She didn’t mention her brother, Robert F Kennedy jnr, or explicitly reference his independent bid for the presidency, but her introduction clarified the ideological chasm between them.

“President Biden has been a champion for all the rights and freedoms that my father and uncle stood for. That’s why nearly every single grandchild of Joe and Rose Kennedy supports Joe Biden. That’s right. The Kennedy family endorses Joe Biden for president.”

It was an effort to reclaim the family mystique and aura that has helped RFK jnr to generate eye-catching numbers in the polls, voters who might be tempted to switch from Democrat to Kennedy this November. She referenced her father’s 1968 warning about the “perilous course” the United States would take under the wrong leadership, and never has that fear been so alive as it is for many Americans as summer approaches.
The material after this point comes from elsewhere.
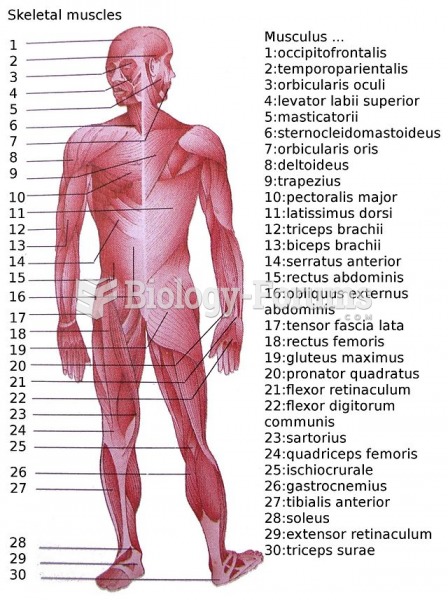 A schematic showing some of the skeletal muscles of a Homo sapiens.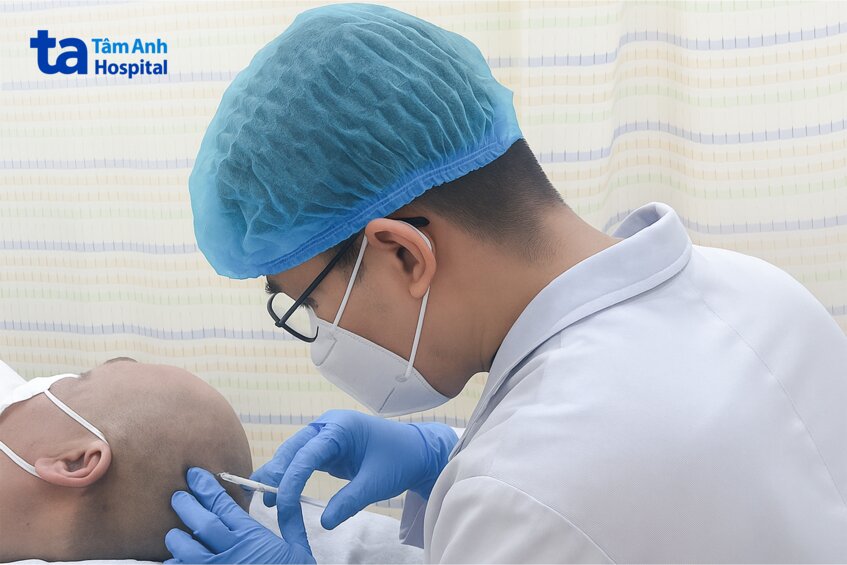bác sĩ tiêm hoạt chất kích thích mọc tóc cho khách hàng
Little wonder that that night watching television at home has remained such a sharp memory for Kerry Kennedy. One moment her father was on the couch watching the turbulence and, in a flash, he was inside the television, a part of history.

It has almost been forgotten that when RFK announced his candidacy in 1968, CBS correspondent Roger Mudd noted that the former attorney general was doing so “in the face of almost solid opposition from the Democratic Party professionals” to his bid. But from Kennedy’s announcement in the Senate caucus room in the Capitol, the breadth of his promise was evident.

“These are not ordinary times,” he said during that address in a line that must seem particularly relevant to his children and wider family this summer.

“And this is not an ordinary election.”